Researchers have developed an optical biopsy system that can distinguish between cancerous and healthy liver tissue. The new technology could make it easier to diagnose liver cancer, which is the sixth most common cancer globally.
“The instrument is designed to be compatible with the needles currently used for liver biopsies,” said Evgenii Zherebtsov, a member of the research team from Orel State University in Russia. “It could thus one day help surgeons more precisely navigate the biopsy instrument to decrease the number of errors in taking tissue samples that are used for diagnosis.”
In the Optica Publishing Group journal Biomedical Optics Express, the researchers report that the optical biopsy system can reliably distinguish between cancerous and healthy cells in mouse models. The system also showed promise in preliminary tests conducted in people with suspected liver cancer.
“Optical biopsy methods like the one we developed make it possible to differentiate healthy and tumor tissues with a high degree of accuracy,” said Elena V. Potapova, who was co-first author of the paper with Zherebtsov. “Although our system was specifically designed for use in abdominal surgery, our results show that similar technologies could be useful for other medical applications.”
Responding to a clinical need
The researchers designed the new device after the surgeons with which they were collaborating noted how difficult it is to perform needle biopsies in exactly the right location. Early-stage tumors can be hard to pinpoint when inserting a tiny hollow needle into the liver to acquire a tissue sample. If the needle is placed incorrectly and misses the tumor, it could lead to an incorrect diagnosis.
The new optical biopsy system combines diffuse reflectance spectroscopy and lifetime fluorescence measurements to evaluate markers related to cellular metabolism, which differs between healthy and cancerous cells. This could help surgeons see, in real time, where the cancer is so that they can identify the best place to acquire a tissue sample.
Diffuse reflectance spectroscopy reveals tissue properties based on how they reflect light. Fluorescence lifetime analysis exposes tissues to a wavelength of light that induces fluorescence and then measures how long that fluorescence takes to fade. The timing of the fluorescence decay depends on the presence of molecules that are important in metabolism.

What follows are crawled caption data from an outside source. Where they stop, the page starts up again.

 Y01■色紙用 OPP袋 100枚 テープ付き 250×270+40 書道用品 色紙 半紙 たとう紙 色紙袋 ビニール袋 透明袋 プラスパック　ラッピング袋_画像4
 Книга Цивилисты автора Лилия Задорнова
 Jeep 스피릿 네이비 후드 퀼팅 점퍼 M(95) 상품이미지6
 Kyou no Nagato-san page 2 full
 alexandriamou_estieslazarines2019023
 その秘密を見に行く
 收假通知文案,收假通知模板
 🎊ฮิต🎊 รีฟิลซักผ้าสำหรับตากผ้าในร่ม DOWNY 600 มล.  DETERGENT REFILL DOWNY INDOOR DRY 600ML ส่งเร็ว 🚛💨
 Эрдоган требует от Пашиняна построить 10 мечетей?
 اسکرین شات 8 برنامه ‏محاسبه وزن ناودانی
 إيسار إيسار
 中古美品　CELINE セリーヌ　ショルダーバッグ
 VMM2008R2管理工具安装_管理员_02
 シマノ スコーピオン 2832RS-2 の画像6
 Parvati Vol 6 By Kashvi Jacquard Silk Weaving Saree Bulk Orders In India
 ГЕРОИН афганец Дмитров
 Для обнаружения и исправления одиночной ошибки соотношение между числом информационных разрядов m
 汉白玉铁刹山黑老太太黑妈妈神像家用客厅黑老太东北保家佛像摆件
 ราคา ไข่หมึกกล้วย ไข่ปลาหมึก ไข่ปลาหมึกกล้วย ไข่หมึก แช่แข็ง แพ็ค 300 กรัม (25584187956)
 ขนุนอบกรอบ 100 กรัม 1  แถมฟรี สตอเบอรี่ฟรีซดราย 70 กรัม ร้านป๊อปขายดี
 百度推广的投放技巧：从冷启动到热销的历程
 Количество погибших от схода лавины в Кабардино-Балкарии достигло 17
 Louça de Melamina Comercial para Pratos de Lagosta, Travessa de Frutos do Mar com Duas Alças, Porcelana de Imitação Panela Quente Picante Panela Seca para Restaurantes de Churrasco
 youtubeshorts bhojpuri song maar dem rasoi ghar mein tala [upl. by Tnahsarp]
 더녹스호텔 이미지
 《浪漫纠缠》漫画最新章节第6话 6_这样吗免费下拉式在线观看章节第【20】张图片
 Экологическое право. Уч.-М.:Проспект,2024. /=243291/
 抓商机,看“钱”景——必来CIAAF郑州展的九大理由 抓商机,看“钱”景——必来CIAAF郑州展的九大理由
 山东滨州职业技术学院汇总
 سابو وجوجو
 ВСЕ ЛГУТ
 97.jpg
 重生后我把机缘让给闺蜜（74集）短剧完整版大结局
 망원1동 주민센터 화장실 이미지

“Although our team as well as others have previously used fluorescence intensity for tissue assessment, studies performed in other parts of the body have shown that fluorescence lifetime is less dependent on experimental conditions,” said Potapova. “Fluorescence lifetime measurements remain more consistent in the presence of blood, when there is non-uniform illumination, or if the contact between the probe and tissue changes due to movement.”
With a focus on using the new instrument to guide future biopsies in the clinic, the researchers selected compact, modern components for the device. The 1-millimeter-diameter probe is compatible with a standard 17.5G biopsy needle and has separate optical channels for diffuse reflectance spectroscopy and fluorescence lifetime measurements.
Taking the probe to the clinic
To assess the sensitivity of the assembled system, the researchers first measured known solutions of molecules that play key roles in metabolism. Once they obtained satisfactory results, they then performed experiments in a mouse model with liver cancer and preliminary measurements in patients with suspected liver cancer. The researchers found that their instrument and the parameters they measured could reliably distinguish liver cancer tissue, healthy liver tissue and the metabolically changed liver tissues that surround a tumor.
“It was important to us to compile a comprehensive picture of the observed changes for cancer in both the mouse model and the clinical setting,” said Zherebtsov. “Our studies in patients who had the same type of tumor as the mice showed that our technique can provide stable, reproducible results that can be used to detect cancer.”
The researchers plan to continue measuring fluorescence lifetime parameters in patients with different types of tumors at different stages to generate real-time diagnostic classifiers. This will also make it possible to apply advanced machine learning methods that could help surgeons make clinical decisions during a biopsy procedure.